How much cash can be deposited without PAN under New Income Tax Act 2025?

The Government of India has introduced the new Income Tax Act 2025. The new act aims to simplify the existing Income Tax Act.

The draft rules of the New Income Tax Act, 2025 propose several changes to PAN card requirements. The aim is to reduce paperwork for small transactions. These rules are expected to be implemented from April 1, 2026.

Under the proposed rules, PAN will be required only if cash deposits or withdrawals exceed ₹10 lakh in a financial year. At present, PAN is required for cash deposits above ₹50,000 in a single day at banks or cooperative banks. This change is expected to benefit small businesses and individual taxpayers.

The PAN requirement for hotel bills has been increased from ₹50,000 to ₹1 lakh. Bills below ₹1 lakh will not require PAN. The same limit will apply to payments made at convention centres and event management companies.

For property transactions and gifts, the proposal increases the PAN limit from ₹10 lakh to ₹20 lakh.

PAN will now be required for the purchase of two-wheelers or motor vehicles priced above ₹5 lakh. Earlier, PAN was mandatory for all four-wheelers, while two-wheelers were exempt, regardless of price.

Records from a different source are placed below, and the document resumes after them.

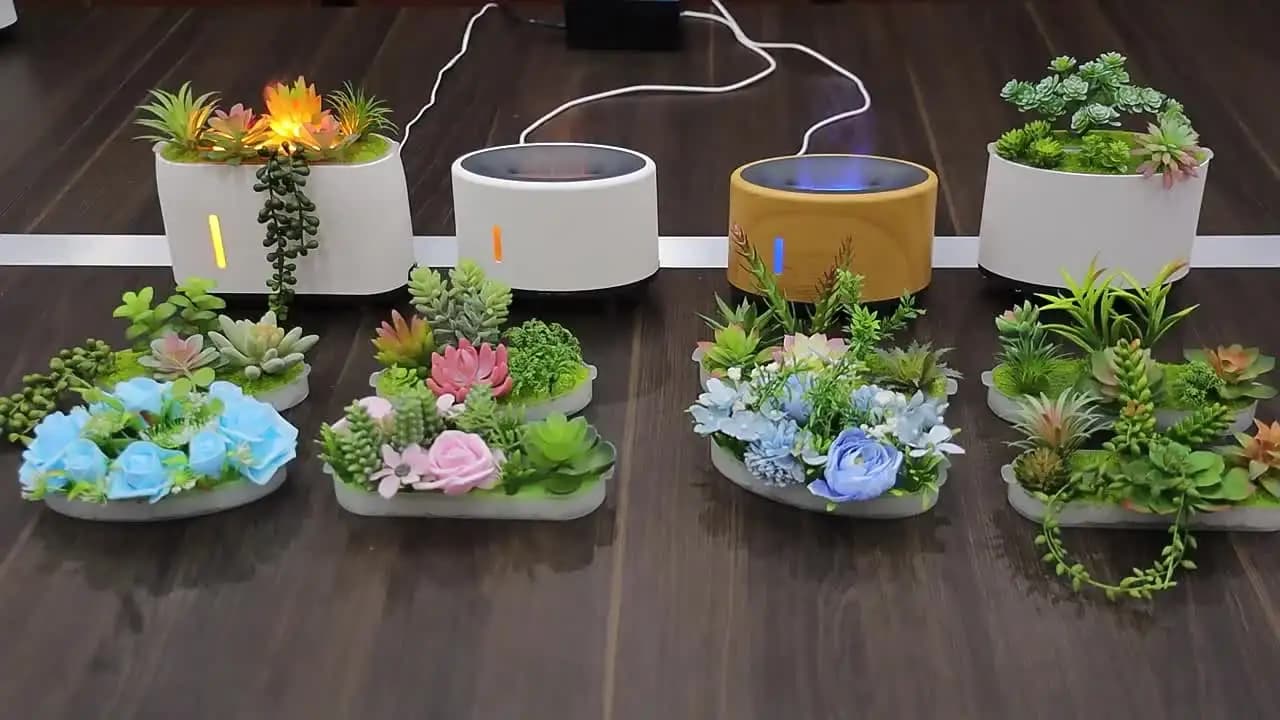 音乐加湿器 USB 火山扩香加湿器 智能精油香薰机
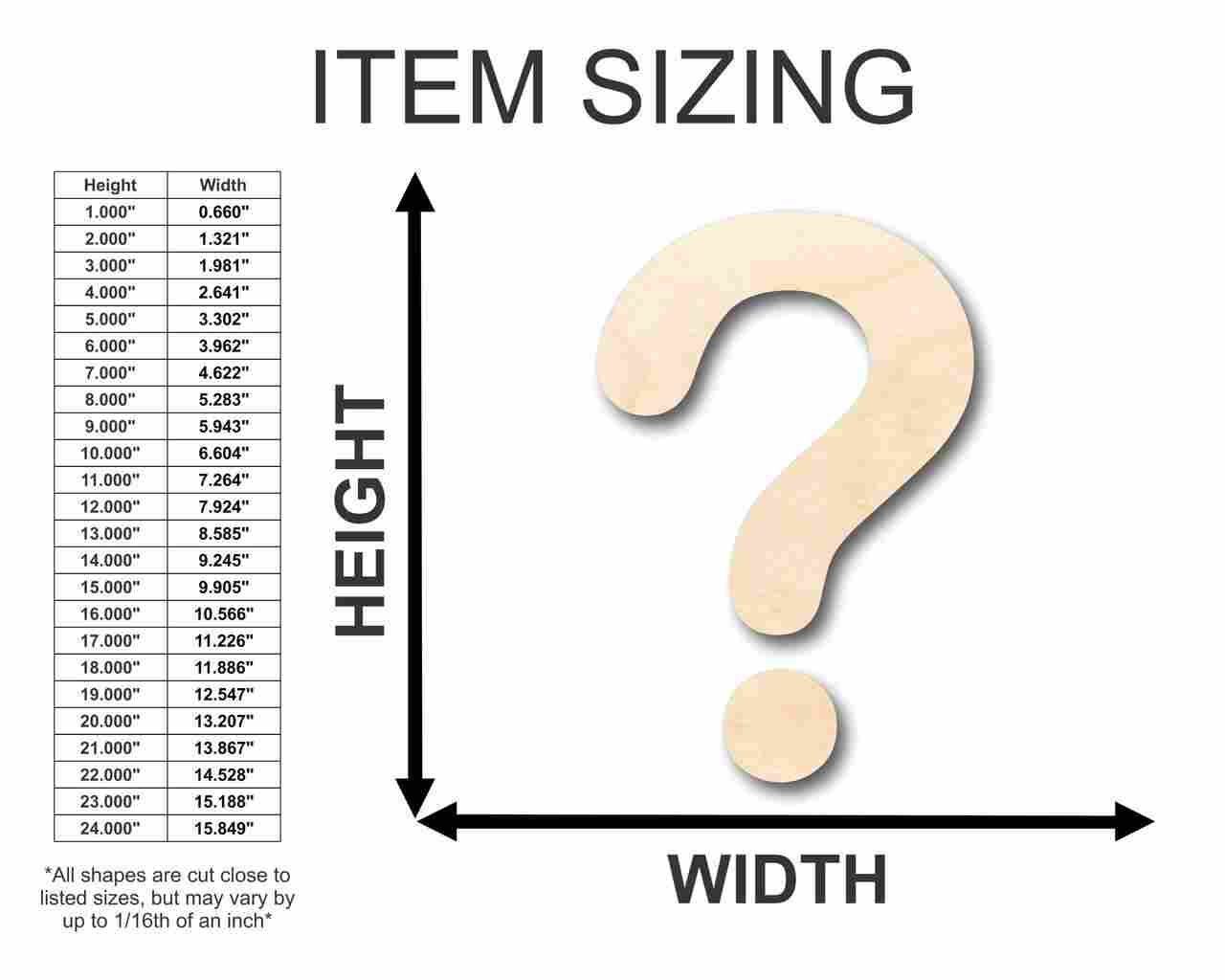 2 Pieces of Unfinished Wood Batman Riddler Question Mark Symbols for Up to 46 DIY Crafts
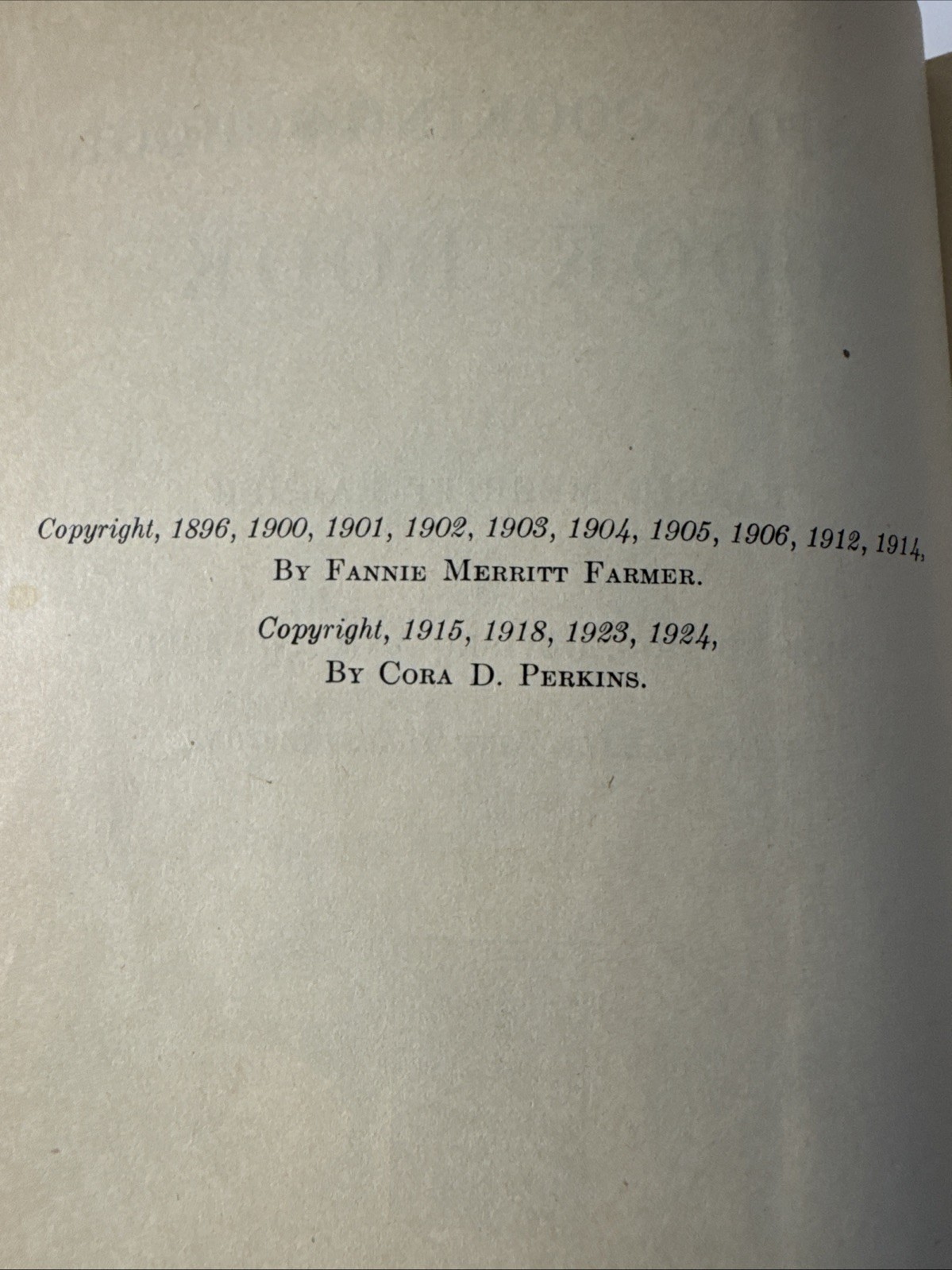 1924 THE BOSTON COOKING SCHOOL Cook Book by Fannie Merritt Farmer VINTAGE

PAN will also become mandatory to open an account-based relationship with insurance companies. Earlier, PAN was required only if life insurance premiums exceeded ₹50,000. Under the new system, every policy purchase will involve creating a permanent customer account.

Crypto exchanges will have to share transaction details with the Income Tax Department. Digital currencies have also been officially recognised as a mode of electronic payment under the proposed rules.

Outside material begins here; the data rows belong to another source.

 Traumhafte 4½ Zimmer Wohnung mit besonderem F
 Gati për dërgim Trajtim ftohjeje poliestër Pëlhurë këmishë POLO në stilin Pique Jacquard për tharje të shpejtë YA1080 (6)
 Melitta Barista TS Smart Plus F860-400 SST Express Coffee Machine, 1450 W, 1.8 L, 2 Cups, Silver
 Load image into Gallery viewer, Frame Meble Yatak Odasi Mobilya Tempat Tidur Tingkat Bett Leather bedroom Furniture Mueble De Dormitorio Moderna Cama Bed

After the Budget 2026 announcement, the CBDT invited public feedback on the draft rules. After reviewing suggestions, the final rules are expected by early March. The new rules will be implemented across the country from April 1, 2026.

In another update, Taxpayers will soon be able to apply for nil or lower Tax Deducted at Source (TDS) on property and other transactions through a new application format introduced under the Income Tax Act, 2025.

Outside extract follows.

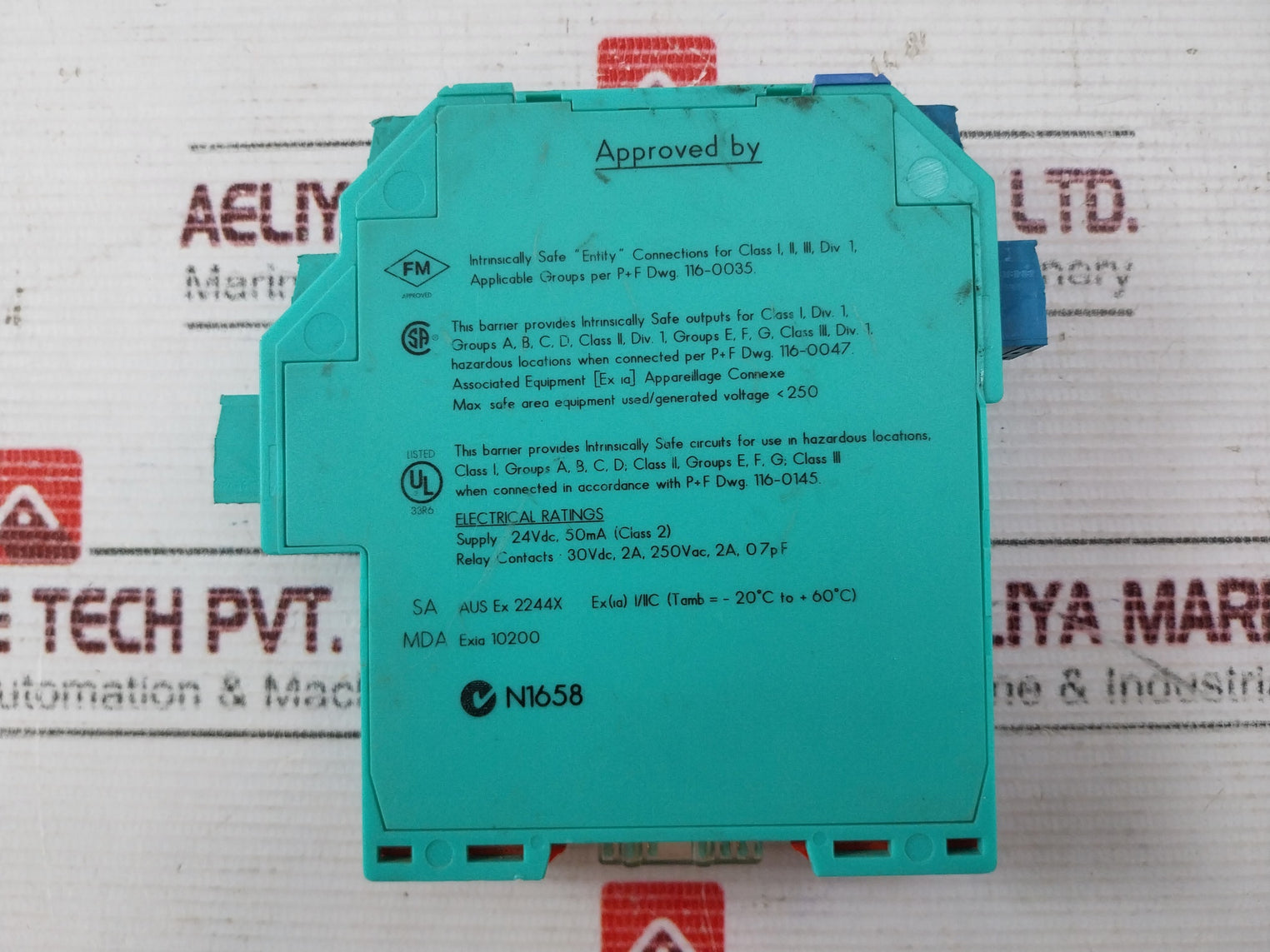 Pepperl+Fuchs Kfd2-sr2-ex2.W Switch Amplifier 103368S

The updated system introduces Form 128, which taxpayers can use to request a certificate allowing TDS to be deducted at a reduced rate or not deducted at all for a specified period.

This can be particularly useful in situations where the taxpayer’s actual tax liability is lower than the TDS amount that would normally be deducted, such as during the sale of property.

For example, a property seller expecting to complete a transaction between April and October can apply in advance using the new form to obtain a lower TDS certificate from the Income Tax Department. Once issued, the certificate allows the buyer or payer to deduct tax at the approved rate instead of the standard rate.